前言
在计算机视觉领域,人脸五官定位是一个重要的任务。本文将介绍如何使用 Unity Sentis 和 Compute Shader,结合 det_10g.onnx
模型,实现高效的人脸五官定位。我们将详细讲解每一步骤,并提供完整的代码示例。
模型分析
输入值:
模型的输入是我这边选择的是1x3x640x640;
输出值:步长8, 16, 32 的三组数据
(448,451,454):这是步长为8的一组数据,448(12800x1=>1x80x80x2 ),步长为8,高宽640,640/8=80,每行80个预测框,共80行。通过insightface的源码可以看到,num_anchors = 2,每个位置的目标框是两组,正常来说是黑白图两种,既然是同一个位置,那么可以合并一起,意思就是有2张图 ,每张图大小是80x80,有这么多分值。
451:bboxs: 1x8x80x80 每一个分数对应的四个点(x1,y1,x2,y2)*注意这个点是距离原点的相对值,还是需要计算的,这里1x8 前面1~4 是一个矩形框的点,后面的4~8是另一张图的矩形框坐标点,就是黑白图。
454:kps:1x20x80x80 每一个分数对应的五官坐标点(x,y)*注意这个点是距离原点的相对值,还是需要计算的,这里1~10 是一组坐标点,另外的10~20是另外一张图的一组坐标点,分开计算就行。

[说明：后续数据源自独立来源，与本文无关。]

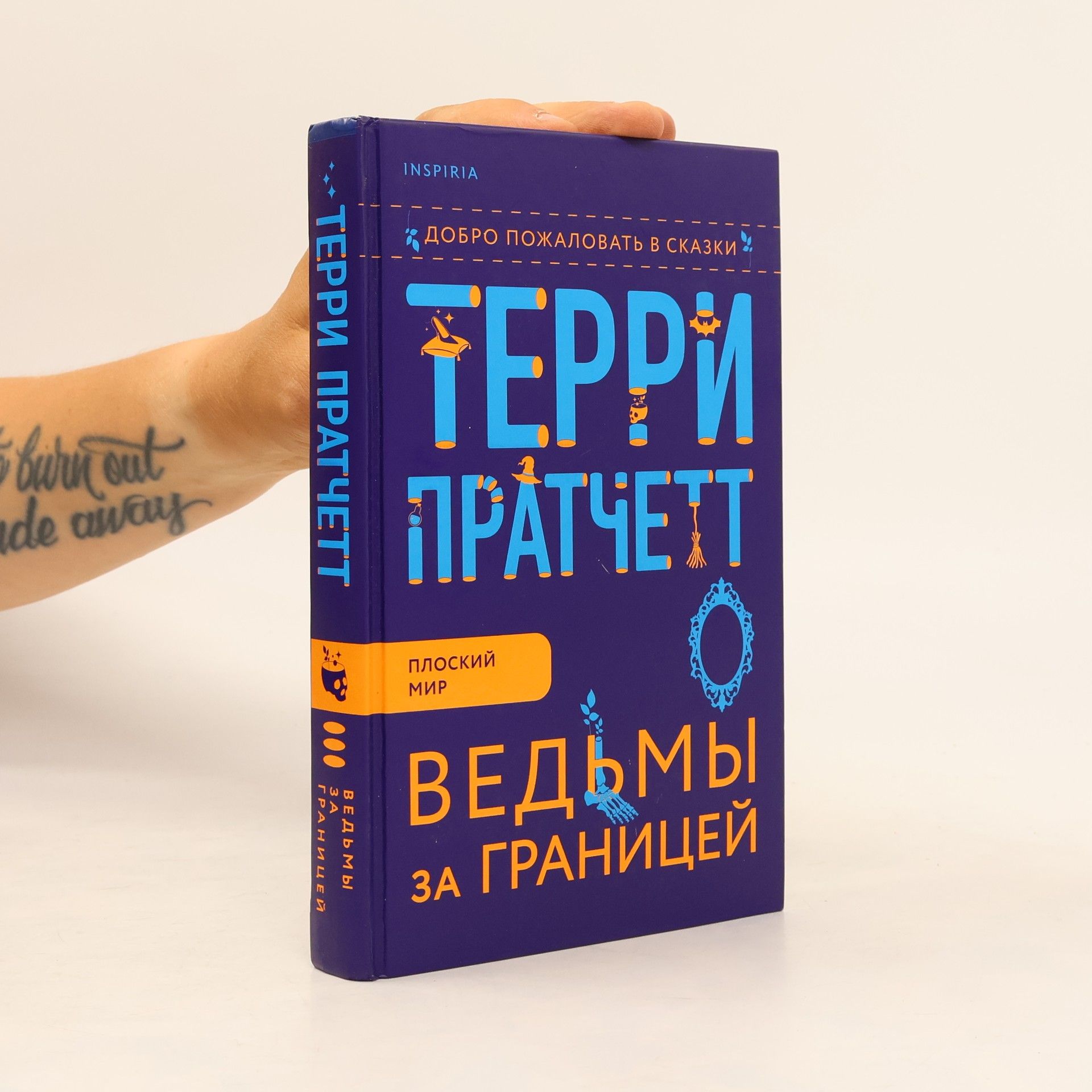 Terry Pratchett Ведьмы за границей. Ved'my za granitsey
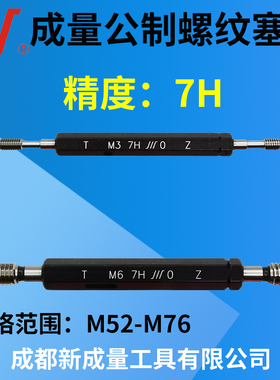 成量公制螺纹塞规  精度7H   M52M54M56M58M64M65M68M70M72M75M76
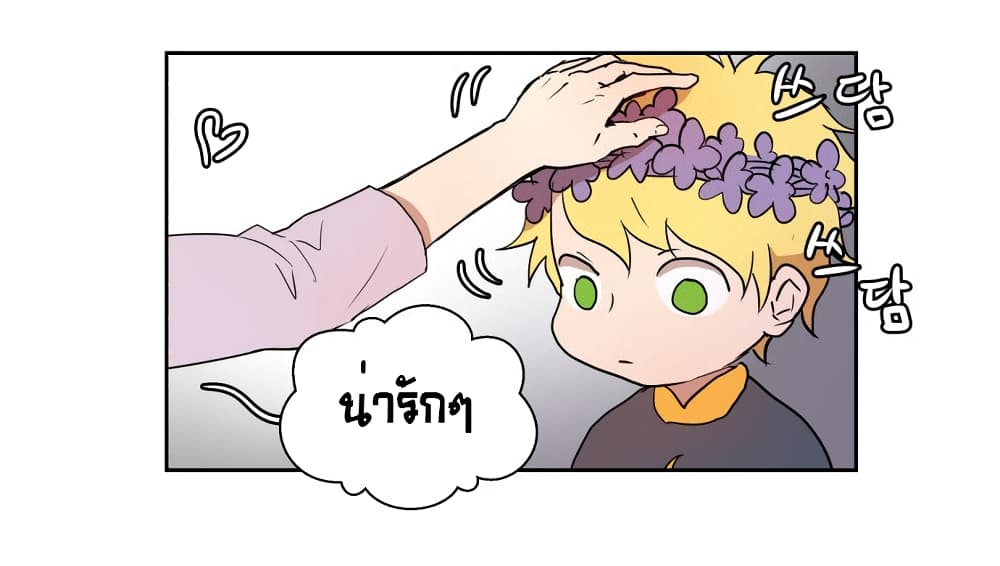 Devil Down Under page 46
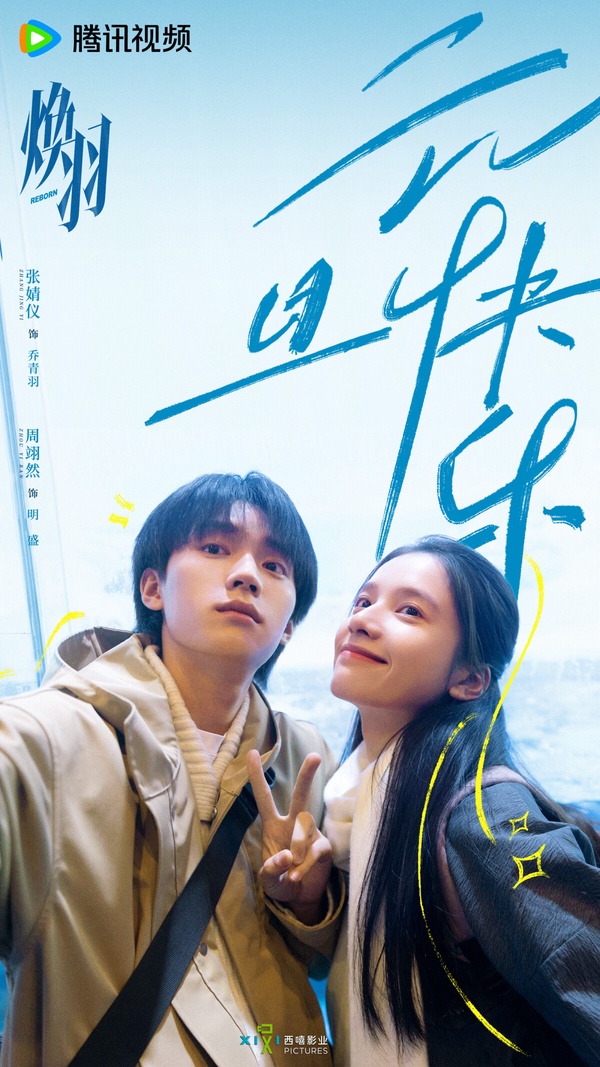誰能超越《難哄》？網評接下來最看好「現偶陸劇」TOP10！張凌赫《愛你》第6，冠軍是它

(471,474,477):这是步长为16的一组数据,与上同理。
(494,497,500):这是步长为32的一组数据,与上同理。
代码示例(待优化):
using System;
using System.Collections.Generic;
using Unity.Mathematics;
using Unity.Sentis;
using UnityEngine;
using System.Linq;
public class Retinaface :MonoBehaviour
{
public ModelAsset modelAsset;
public Model model;
private IWorker worker;
private GPUComputeBackend gpu;
public int textureWidth=640, textureHeight =640;
private int[] feat_stride_fpn = new int[] {8, 16, 32};
public Dictionary<(int,int,int),FunctionalTensor> center_cache = new Dictionary<(int, int, int), FunctionalTensor>() ;
private int _num_anchors = 2;
private FunctionalTensor anchor_centers;
private float det_scale = 2.5f;
public ComputeShader postprocess1;
private RenderTexture scoresRT;
private RenderTexture boxesRT;
private RenderTexture kpssRT1;
private RenderTexture kpssRT2;
private RenderTexture kpssRT3;
private RenderTexture kpssRT4;
private RenderTexture kpssRT5;
private ComputeBuffer post1;
public ComputeShader postprocess2;
private ComputeBuffer post2;
private ComputeBuffer counter;
private void Start()
{
InitBuffer();
model = ModelLoader.Load(modelAsset);
gpu = new GPUComputeBackend();
var model2 = Functional.Compile(input =>
{
List<FunctionalTensor> scores_list = new List<FunctionalTensor>();
List<FunctionalTensor> bboxes_list = new List<FunctionalTensor>();
List<FunctionalTensor> kpss_list = new List<FunctionalTensor>();
var outputs = model.Forward(input);
//遍历不同步长
for (int i = 0; i < feat_stride_fpn.Length; i++)
{
var scores = outputs[i*3];
var bbox_preds = outputs[i * 3+1]* feat_stride_fpn[i];
var kps_preds = outputs[i*3+2] * feat_stride_fpn[i];
int height = 640 / feat_stride_fpn[i];
int width = 640 / feat_stride_fpn[i];
var key = (height, width, feat_stride_fpn[i]);
if (center_cache.ContainsKey(key) )
{
anchor_centers = center_cache[key];
}
else
{
//构建坐标系
var range_X = Functional.ARange(0, height);
var range_640_x = range_X.Unsqueeze(-1).BroadcastTo(new[] {height});
var range_640_y = range_640_x.Transpose(0, 1);
//(n,n,2)
anchor_centers =Functional.Stack(new[] {range_640_y, range_640_x}, 2);
//(n*n,2)
anchor_centers = (anchor_centers * feat_stride_fpn[i]).Reshape(new[] {-1, 2});
//(n*n*2,2) (12800,2)(3200,2)(800,2)
anchor_centers = Functional.Concat(new []{anchor_centers,anchor_centers},1).Reshape(new[] {-1, 2});
if (center_cache.Count<100 )
{
center_cache[key] = anchor_centers;
}
}
//(bbox (左上x距离中心距离,左上y距离中心距离,右下x距离中心距离,右下y距离中心距离))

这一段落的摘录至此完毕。